Yes of course I had a language problem and yes I was not accustomed to the way of life here when I first arrived. And yes I came from a different cultural background but I knew what I was capable of doing and I knew I could not do it staying at home. My mother had no aspiration other than for me to be able to survive. She dared not to dream of success for me. But her narrow thinking only make me want to struggle harder against my adversities and prove that I am not the little person she thinks I am.

Therefore in order to accomplish my dream I decided to go to college. For the first four months after my arrival here I concentrated on learning to speak and write English. I was forced to look up in a bi-lingual dictionary almost every word I heard or read in English and translate it into Chinese. I spent an enormous amount of time doing that and it was most discouraging. Fortunately I have good self-management skills. I am extremely persistent and have set as my personal goal learning to read and speak English fluently. The first time I was able to read an English sentence without translating every word I felt as if I had conquered the world.

In the fall of 2002 I entered LaGuardia Community College. I started to make friends there and to enjoy my life. Still I am able to balance my socializing with my studying. I received a very good grade point average in my first semester there. Finally now mother realizes and appreciates that I have grown up.

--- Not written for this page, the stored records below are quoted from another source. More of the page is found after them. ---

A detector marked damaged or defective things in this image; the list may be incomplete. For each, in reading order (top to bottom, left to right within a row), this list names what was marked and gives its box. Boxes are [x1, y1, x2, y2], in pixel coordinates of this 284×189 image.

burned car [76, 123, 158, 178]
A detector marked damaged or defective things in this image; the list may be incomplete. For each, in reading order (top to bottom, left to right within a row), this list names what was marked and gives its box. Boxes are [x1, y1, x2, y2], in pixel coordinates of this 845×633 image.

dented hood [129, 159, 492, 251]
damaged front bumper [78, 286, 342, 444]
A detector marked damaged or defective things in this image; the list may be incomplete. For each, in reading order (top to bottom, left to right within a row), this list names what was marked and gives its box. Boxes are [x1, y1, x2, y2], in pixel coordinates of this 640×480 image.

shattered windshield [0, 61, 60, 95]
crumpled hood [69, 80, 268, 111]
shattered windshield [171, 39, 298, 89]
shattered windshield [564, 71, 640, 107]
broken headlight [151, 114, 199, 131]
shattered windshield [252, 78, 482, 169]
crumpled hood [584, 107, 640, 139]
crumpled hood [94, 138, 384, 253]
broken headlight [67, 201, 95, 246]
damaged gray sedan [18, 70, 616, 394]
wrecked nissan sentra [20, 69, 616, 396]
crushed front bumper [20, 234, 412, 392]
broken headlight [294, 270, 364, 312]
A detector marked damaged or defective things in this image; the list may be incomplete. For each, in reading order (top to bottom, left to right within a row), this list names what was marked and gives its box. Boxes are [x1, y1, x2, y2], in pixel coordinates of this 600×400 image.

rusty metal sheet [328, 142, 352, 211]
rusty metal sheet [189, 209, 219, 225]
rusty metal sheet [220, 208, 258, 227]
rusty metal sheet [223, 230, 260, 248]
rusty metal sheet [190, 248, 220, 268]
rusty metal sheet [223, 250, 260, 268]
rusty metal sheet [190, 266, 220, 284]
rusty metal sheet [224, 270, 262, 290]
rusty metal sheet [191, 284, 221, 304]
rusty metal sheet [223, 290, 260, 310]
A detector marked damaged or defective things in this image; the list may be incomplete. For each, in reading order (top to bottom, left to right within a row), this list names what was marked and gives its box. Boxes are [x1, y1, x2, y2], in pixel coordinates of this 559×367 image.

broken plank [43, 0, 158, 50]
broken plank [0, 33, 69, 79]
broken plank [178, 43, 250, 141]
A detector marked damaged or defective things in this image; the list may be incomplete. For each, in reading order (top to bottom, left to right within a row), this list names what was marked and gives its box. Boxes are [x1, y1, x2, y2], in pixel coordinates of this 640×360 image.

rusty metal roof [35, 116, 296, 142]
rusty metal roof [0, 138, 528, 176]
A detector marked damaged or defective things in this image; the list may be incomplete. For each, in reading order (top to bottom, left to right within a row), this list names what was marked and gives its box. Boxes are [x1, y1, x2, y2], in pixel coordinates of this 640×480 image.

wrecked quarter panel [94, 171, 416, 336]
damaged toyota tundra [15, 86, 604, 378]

I remember when I came for an interview to look for a job few months ago in a small company. The employer was a white man who stared at me from my head to toes. He asked if I can speak any English as if I am a fresh out the boat. His attitude made me feel his invisible privilege. He was so high up to over control my life. I did not get that job at the end. I think the reason was because I am a Chinese I am too normal. I am the other. The group which is being privileged is mostly identified: white male heterosexual gender-normative middle class. Anyone who varies from this mold is “Other”. They are the borders and marked as Different. Different people are defined by what they are not from the privileged group: the so-called “normal” the “average”. I am used to the racial prejudice right now. I am taking this class is because me as a Chinese woman need to learn how to correctly identify myself and educate other people fight for social injustice.

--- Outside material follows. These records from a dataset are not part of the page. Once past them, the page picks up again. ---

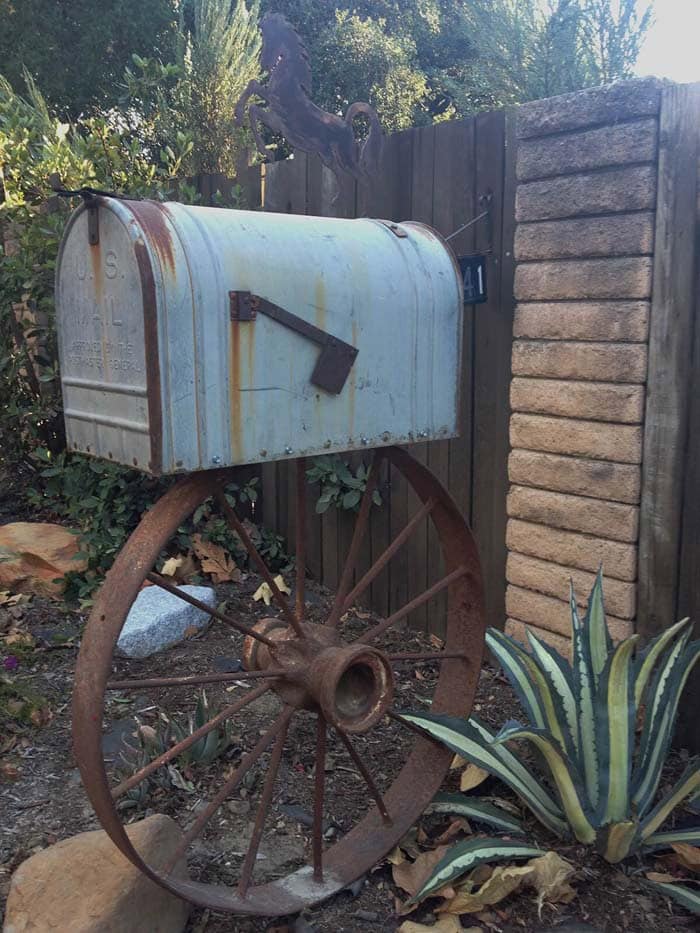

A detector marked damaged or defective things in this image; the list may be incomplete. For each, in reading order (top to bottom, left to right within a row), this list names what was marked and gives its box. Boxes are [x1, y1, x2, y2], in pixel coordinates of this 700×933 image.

rust stain [130, 202, 176, 274]
rusty wagon wheel [74, 448, 484, 912]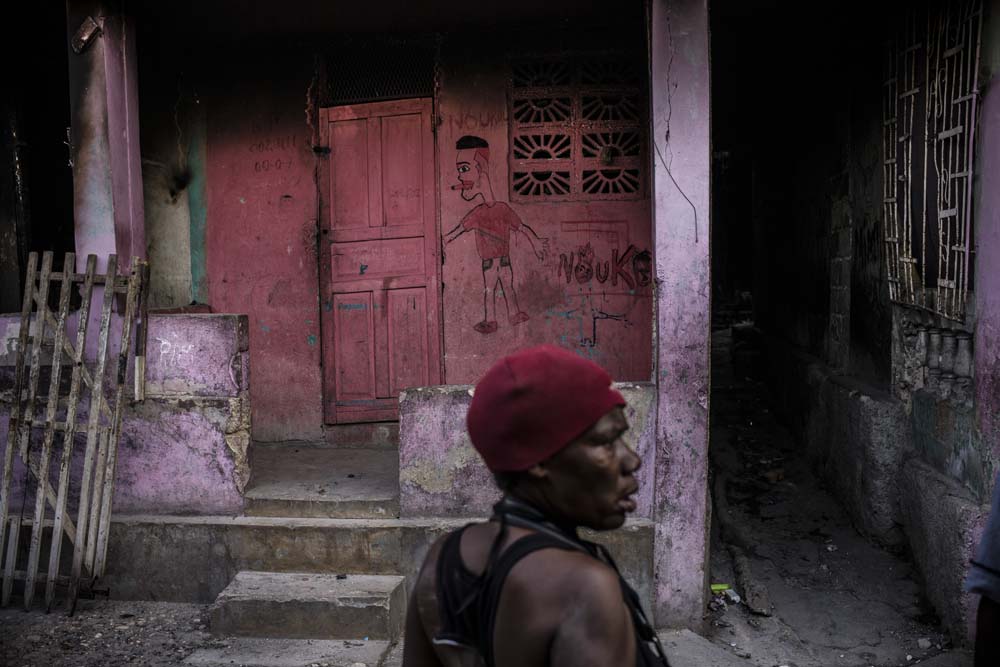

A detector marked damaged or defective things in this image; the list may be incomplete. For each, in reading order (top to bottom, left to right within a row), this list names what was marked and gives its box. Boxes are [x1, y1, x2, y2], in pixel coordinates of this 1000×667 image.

rusty metal grate [508, 55, 648, 202]
rusty metal grate [884, 1, 984, 320]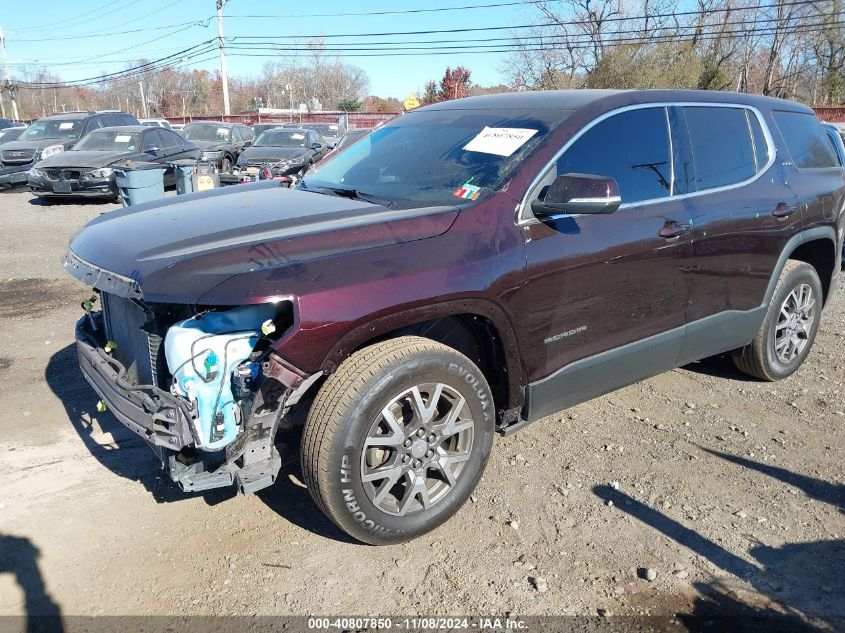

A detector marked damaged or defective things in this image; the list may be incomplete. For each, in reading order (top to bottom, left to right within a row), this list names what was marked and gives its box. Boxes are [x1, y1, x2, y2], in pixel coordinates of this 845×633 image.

This is my last semester in college. My current major is Woman studies and English. I am working towards my bachelor in art degree and will pursue the higher education. Being in such a multicultural and diverse city I always compare myself as a dragon verses the main stream as an eagle. I always find many things in common with them so that I don’t feel the big difference between me and them. Being a new emigrant I have to face many problems such as racism when I come to a new country and try to make a living. When I think about issues such as how race gender and class have impact on me I just over look at it because I have prevailed and make a place for myself I know that my American life just started. It is as long as a journey. My long term goal is to be part of the mainstream middle class and live the American dream. I believe that the theory of racism can be changed along with the progression each minority group has made. As a new generation of Chinese Americans I believe that I am able to find employment since I have studied many years in college. My skills and education will get me a good job in the near future.